Pictures excluded, output the lines of the data below between the one holding "Used 2016 Kia" and the one holding "-绿茶餐厅(深圳龙华天虹购物中心店)", inclusive, exactly as they stand.

— RECORDS SUPPLIED —
══════

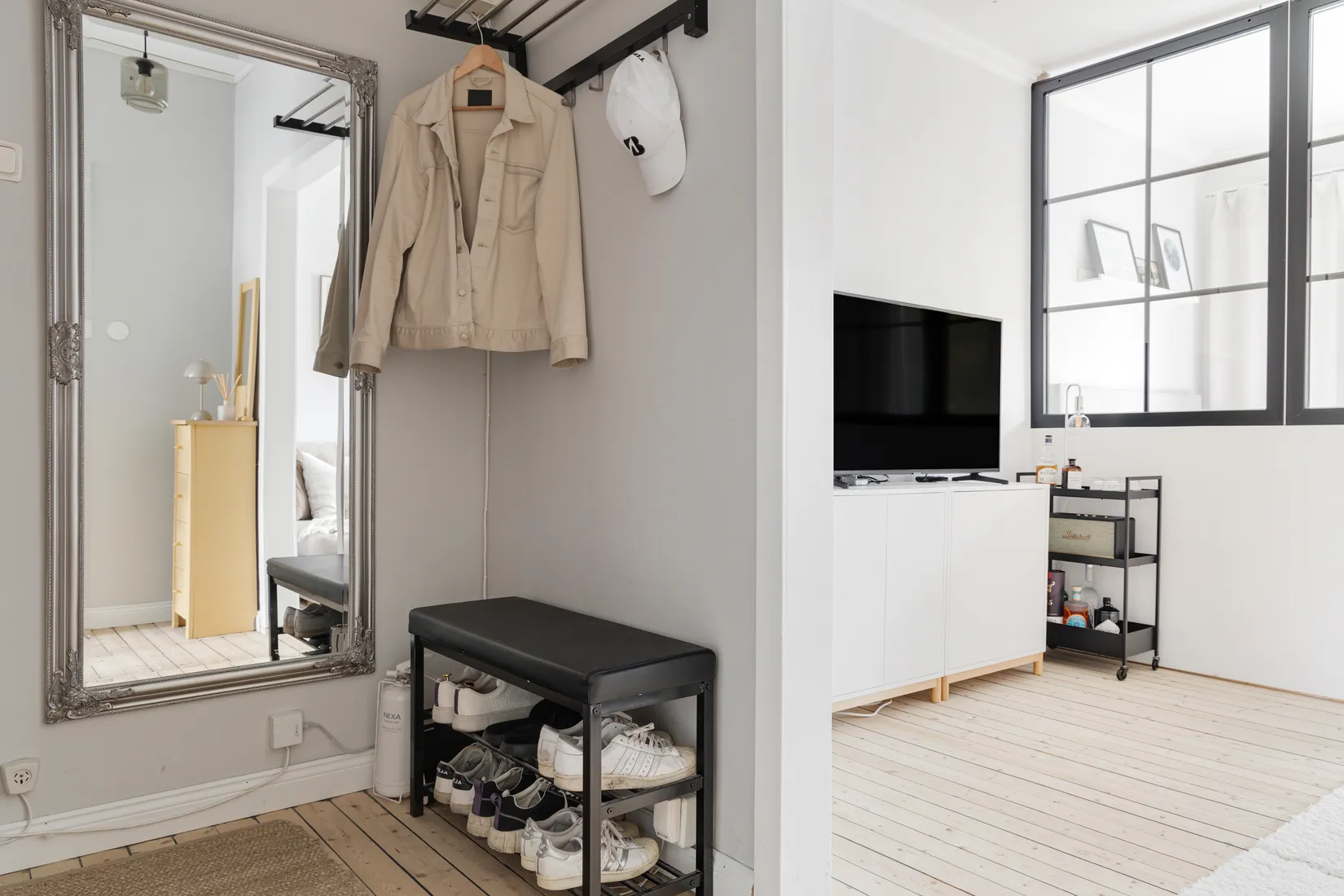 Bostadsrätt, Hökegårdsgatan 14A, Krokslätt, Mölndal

══════

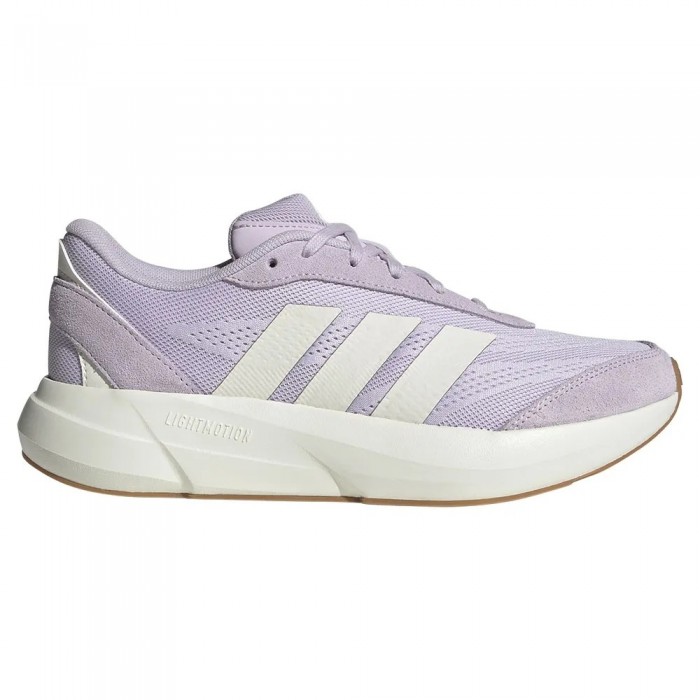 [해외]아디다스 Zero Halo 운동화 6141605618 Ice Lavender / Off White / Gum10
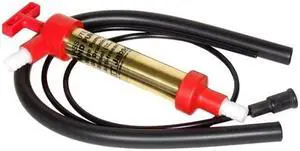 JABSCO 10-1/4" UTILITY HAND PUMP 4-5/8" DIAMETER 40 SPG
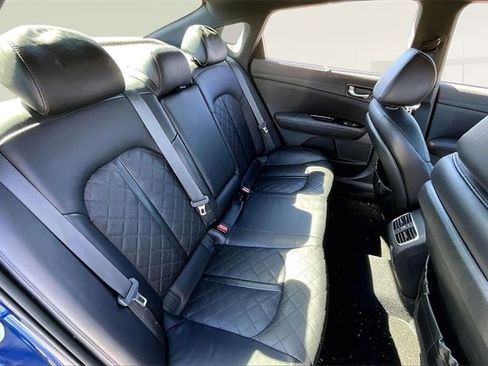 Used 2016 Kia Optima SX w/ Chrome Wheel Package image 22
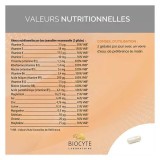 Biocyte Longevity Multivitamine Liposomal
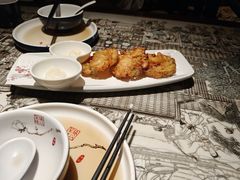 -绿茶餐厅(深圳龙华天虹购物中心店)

══════

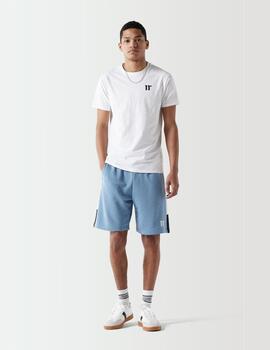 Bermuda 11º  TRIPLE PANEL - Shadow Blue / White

══════

— RESULT —
 Used 2016 Kia Optima SX w/ Chrome Wheel Package image 22
 Biocyte Longevity Multivitamine Liposomal
 -绿茶餐厅(深圳龙华天虹购物中心店)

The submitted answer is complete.